人には言えない後味の悪い別れを消化できない思いていうのは、どこにでもある。
これを書きたいなと思ったんですね。

身近な人に対してついぞんざいな態度をとってしまったり、
「あのときもう一言声をかけておけば良かったのに・・・」
と思ったことをやらずに済ませてしまうことが自分自身も多いので、
本を書きながら自分の人生を振り返る旅をするっていうような体験だったりします。

「非常に反省しました。自分の人生を」

永い言い訳への思いは?

愚かな人間を徹底的に書くっていうのは、自分の中の課題。
自分の持っている愚かさをあますことなく開かないと
人に届くものにならないと思ったので、
主人公のものになんとなくすり替えて書いていきました。

40代後半の男性の設定ではあるんですけれど、性とか年齢に限らず
いろんな人が自分の中にもこういう部分があって、
それは誰にも打ち明けられない恥ずかしいところであり
自分でも気にやんでいるけどどうしようもないところだと感じてくれて
広く共感してもらえるといいなと思います。

永い言い訳の執筆での初体験

しっかり子どもを書くというのは初めてですね。
180度ちがう生活環境も、思考回路も傾向もちがう2家族がどう交わっていくか。

実際に子どもがいる友人の家に何泊か泊まりこんだり、
保育園の送迎をしてみたり、夕食を一緒に食べてみたり。

親の体験をしているのではなく、
親意外の人間が迎えに来たとき彼らはどういう表情をするのか、
突然現れてた赤の他人の大人にどういうスピード感でなついていくのか、
などを体験しました。


「集大成です。

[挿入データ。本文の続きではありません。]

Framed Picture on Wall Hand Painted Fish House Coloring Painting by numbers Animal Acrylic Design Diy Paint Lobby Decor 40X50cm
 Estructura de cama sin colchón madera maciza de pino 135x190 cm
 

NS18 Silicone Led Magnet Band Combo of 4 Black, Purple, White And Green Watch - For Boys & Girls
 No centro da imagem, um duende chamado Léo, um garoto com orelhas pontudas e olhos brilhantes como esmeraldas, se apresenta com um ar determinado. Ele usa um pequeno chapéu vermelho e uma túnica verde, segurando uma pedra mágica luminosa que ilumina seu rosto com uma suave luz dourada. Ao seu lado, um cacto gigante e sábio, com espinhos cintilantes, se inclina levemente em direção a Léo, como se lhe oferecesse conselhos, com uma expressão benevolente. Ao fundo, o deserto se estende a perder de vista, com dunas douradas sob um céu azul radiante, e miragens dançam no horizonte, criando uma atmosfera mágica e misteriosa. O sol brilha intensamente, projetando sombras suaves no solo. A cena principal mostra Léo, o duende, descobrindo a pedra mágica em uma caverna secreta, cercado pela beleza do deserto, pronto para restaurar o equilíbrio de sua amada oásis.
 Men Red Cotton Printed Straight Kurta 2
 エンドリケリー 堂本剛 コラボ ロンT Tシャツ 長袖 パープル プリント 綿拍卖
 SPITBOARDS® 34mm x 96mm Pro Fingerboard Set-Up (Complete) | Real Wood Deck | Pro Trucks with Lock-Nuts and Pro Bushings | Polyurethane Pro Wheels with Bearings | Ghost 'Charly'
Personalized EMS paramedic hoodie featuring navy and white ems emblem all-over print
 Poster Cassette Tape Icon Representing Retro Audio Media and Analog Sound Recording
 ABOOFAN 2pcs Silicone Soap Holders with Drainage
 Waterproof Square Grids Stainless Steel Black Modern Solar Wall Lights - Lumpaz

出しつくしたのでも何もでません。
とうぶん何も書けないと思いますけれども、今までの自分自身の体験とか
生きながら何を考えてきたとかいうものも全部出した作品なので、
小説においては完全燃焼。」

永い言い訳を読んだ感想

本仮屋ユイカさんの『永い言い訳』を読んだ感想です。

愛する人との死別とか、生きていくことに対してもう一度踏みだすとか、
向き合っているテーマが重たく大きいので、自分も圧倒的な熱量で
読まなければいけないのかと思っていました、そうではなく、
すごく淡々としていて自分が楽な状態で読め、メッセージもストンと落ちてきました。

出てくる子どもがとっても魅力的で、小さい子供だから持っている
純粋なエネルギーや輝きや眩しさに、人としてダメな主人公が、
癒されて変わっていくのが読んでると微笑ましく癒やされまし。

この本のメッセージとは、
一番最後に「生きている それ自体が希望」ということに主人公が気づく、
それはとても当たり前なんだけど、「大丈夫?」と心配になるほどの
ダメ男だった主人公がそれを自分で気づけたっていうことです。